After the discussion of the concepts and algorithms of SA-DWT, we can summary several hardware implementation issues of SA-DWT. First, the filtering operations of DWT computation must be performed as required. Second, complex boundary extension conditions belonging to each line segment must be solved without overhead. Third, suitable operations for target subsampling strategy should also be considered.
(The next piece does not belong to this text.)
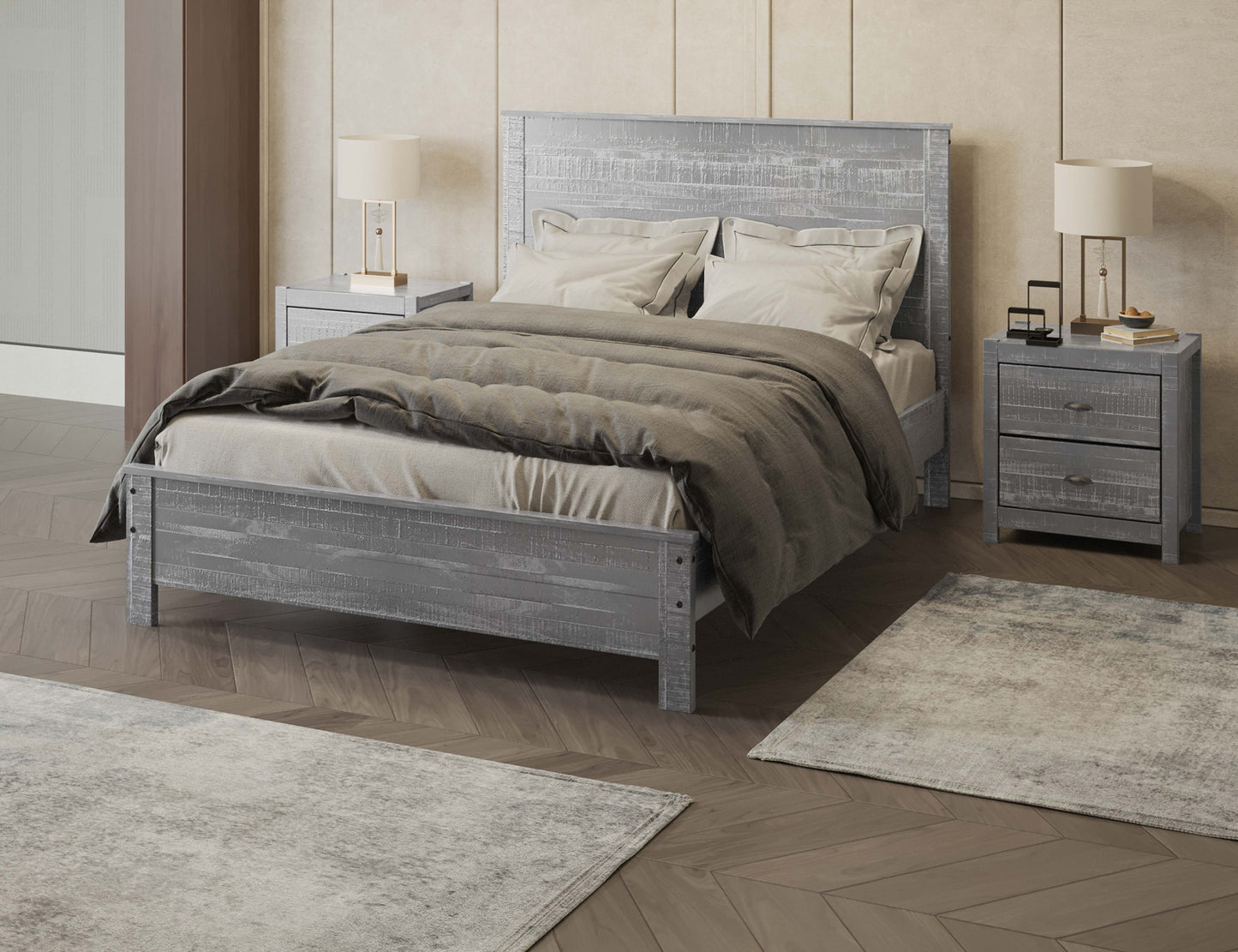 Grey Solid Wood Queen Bed Frame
Finally, the same as the frame-based transformation of traditional DWT, the huge memory requirement is also a big problem for SA-DWT.

Here we emphasize on the second issue, which is the most significant problem for SA-DWT compared to traditional DWT. Fig. 3 shows the conditions that type B boundary extension is applied to several very short line segments.
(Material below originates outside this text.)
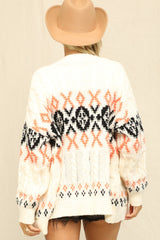 Cream Printed Chunky Cable Knit Cardigan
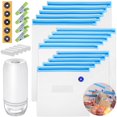 thumbnail image 1 of BLITZHOME Reusable Sous Vide Bags 3 Sizes,30 Pack Kit Vacuum Food Storage Bags, with 1 Automatic Pump,15Pcs Bags, 5 Sealing Clips, 4 Cooking Clips,5 Air Valves, 1 of 9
n=1 a a a a a n=2 b a b a b a b a n=3 a b c b a b c b a b c n=4 a b c d c b a b c d c b a b c d

Figure 3: Type B Boundary extension for several very short line segments

If a traditional convolution-based DWT architecture is used for SA-DWT, then several problems are induced. One should use a finite state machine (FSM) controller with extremely high complexity and a large amount of multiplexers to maintain a regular data flow or do nothing but just introduce excess stalls for the boundary extension such that the data flow become irregular. Moreover, the ratio of required stalls to pixels becomes higher as the line segment becomes shorter. Assume the input samples are one even/odd pair in one clock cycle, Table 1 lists some overhead conditions induced by using traditional convolution-based DWT architecture for SA-DWT. In the worst case, the overhead ratio is even up to four.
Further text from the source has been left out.